Und die alten Freunde? Tja, mit wem nehme ich wieder (und wann?) Kontakt auf? Keine leichte Frage. Eine Distanz von ein paar Wochen tut einer Freundschaft meistens sehr gut. Was aber, wenn die Freunde sich so verändert haben, dass die Freundschaft leiden oder Kratzer bekommen könnte?

In der Kindheit passierte das gar nicht so selten. Selbst beste Freunde erschienen nach einem für Wochen abgebrochenen Kontakt plötzlich wie sehr fremde Gestalten, die längst auf anderen Fährten unterwegs waren und einen seltsam veränderten Geschmack ausgebildet hatten. Man musste sich erst wieder aneinander gewöhnen – und manchmal klappte das nicht mehr, und die Freundschaft ging ein für alle Mal in die Brüche.

Herrgott, ich sollte nicht mit so dunklen Gedanken zurückkehren. Vielleicht hat ausgerechnet P mir eine Blume vor die Haustür gestellt, die ich jetzt den Herbst hindurch zum Blühen animieren darf. K könnte mir ihre neue CD in den Briefkasten geworfen haben. Ganz zu schweigen von A, die vielleicht einen Kuchen oder … – ich höre hier lieber mal auf. Morgen bin ich wieder zu Hause.

 

Große Ferien 28 – Coda 2

Wie fährt man (nach langem Aufenthalt in fernen Gefilden) „zurück“? Fährt man beim „Zurückfahren“ heim? Fährt man „nach Hause“? Und wie macht man das nun genau? Am Stück? In zig Stunden, mit kurzen Pausen? Oder in kleinen Etappen?

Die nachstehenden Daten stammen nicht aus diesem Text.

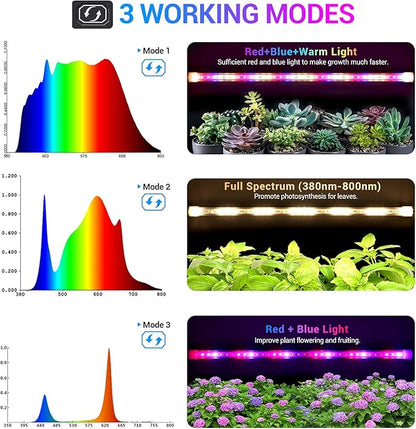 LED Grow Lights Strips for Indoor Plants, 3 Working Modes & 10 Dimmable Levels Plant Lights with Auto Cycle Timer 3/9/12Hrs, 36W Full Spectrum DIY Growing Lamps for Seedings Hydroponics, 6 Strips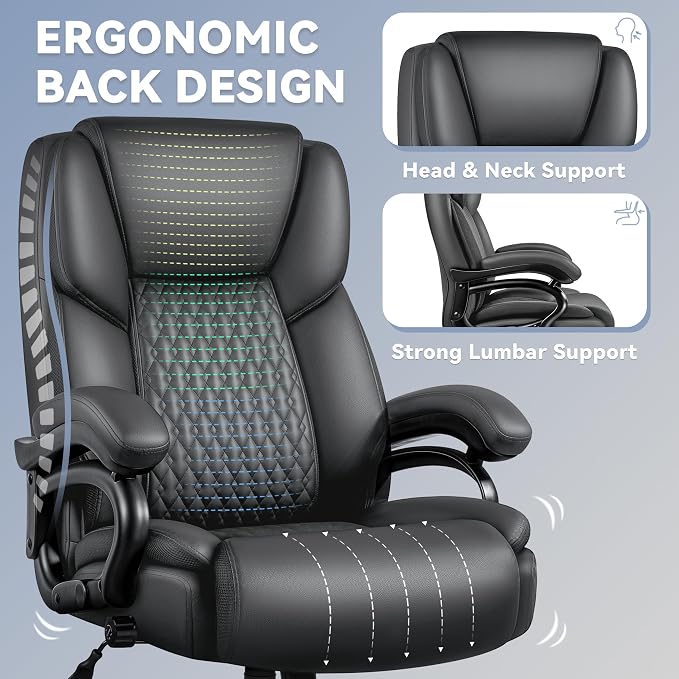 Big and Tall Office Chair 500lbs with Lumbar Support, Ergonomic Heavy Duty Black Office Chair, Leather Office Executive Chair with Quiet Rubber Wheels, Grey Office Comfortable Chair for Heavy People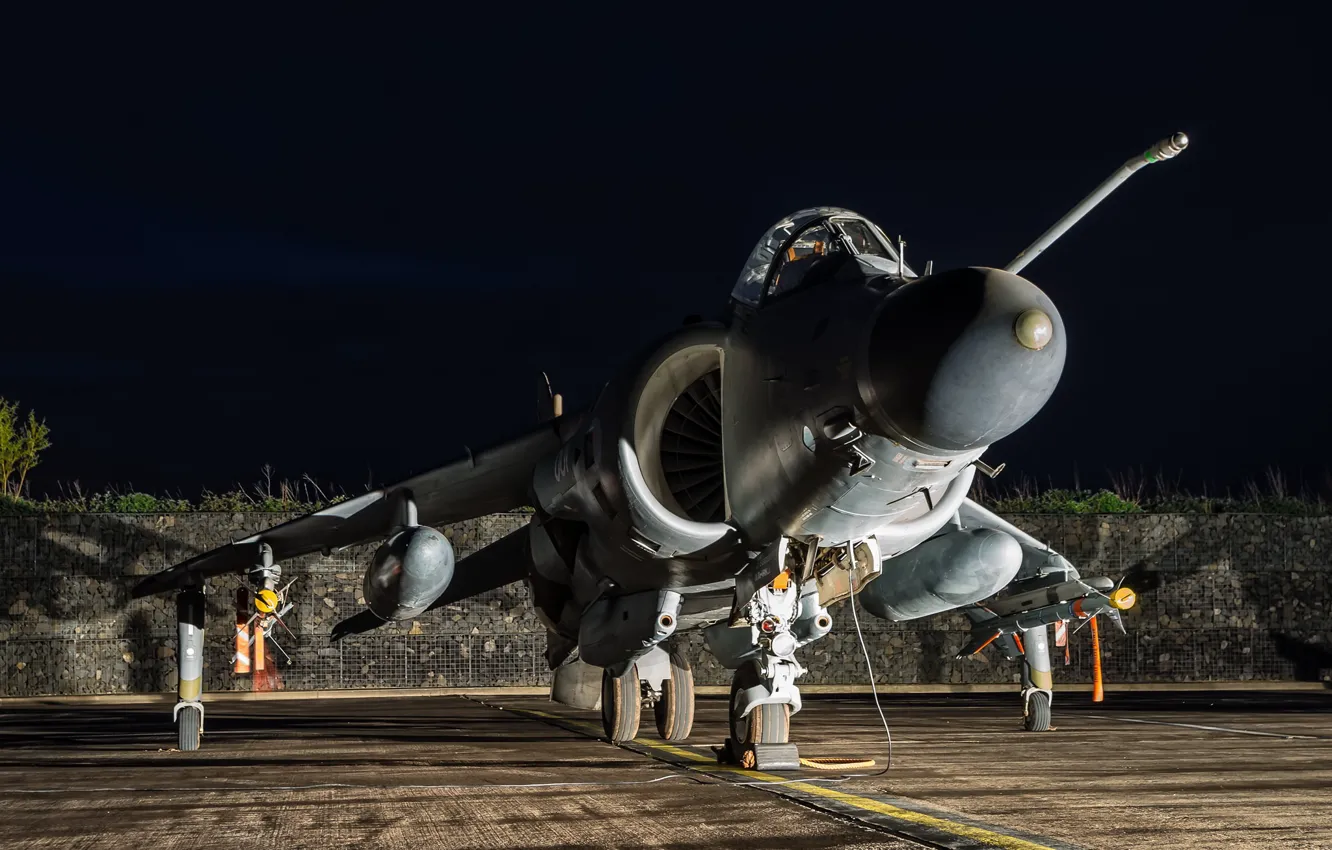 Фото обои ночь, оружие, самолёт, Harrier FA.2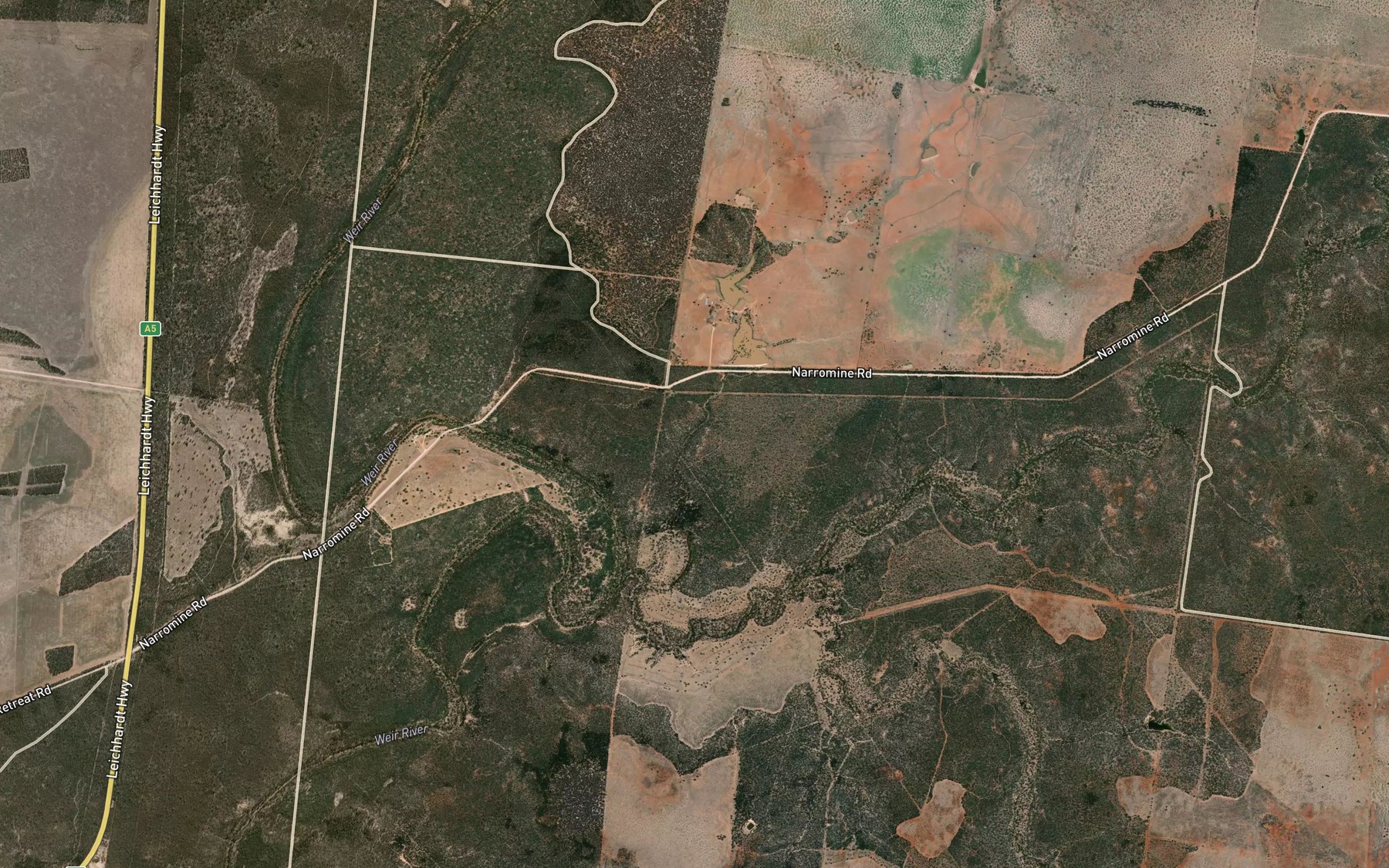 Satellite map of the Booroondoo Creek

Ich fahre nicht heim. Ich fahre höchstens Richtung Zuhause. Während ich fahre, mache ich Halt, immer wieder, geleitet vom Zufall. Ein Ortsname, ein Flüsschen oder ein Stand mit frischen Pfifferlingen am Wegrand. Frische Pfifferlinge! In den fernen Gefilden gab es die nicht, beinahe hätte ich schon vergessen, dass es überhaupt welche gibt. Jetzt aber gibt es sie wieder, sogar gebraten, mit ihnen ist der Herbst plötzlich da. Und Radieschen! Ich mag doch Radieschen so sehr, jetzt esse ich gleich ein ganzes Rudel.

Mit jedem gefahrenen Kilometer melden sich die früher vertrauten Farben, Gerüche und Worte – wie neu! Das ist die schöne Seite der „Rückfahrt“. Ich dehne sie hinaus, so lange wie möglich. Übernachtungen, wenn eine Verlockung zu stark wird. Den Verlockungen unbedingt folgen. Noch mehr Pfifferlinge, dazu etwas Reh oder Hirsch – und frischen Kürbis.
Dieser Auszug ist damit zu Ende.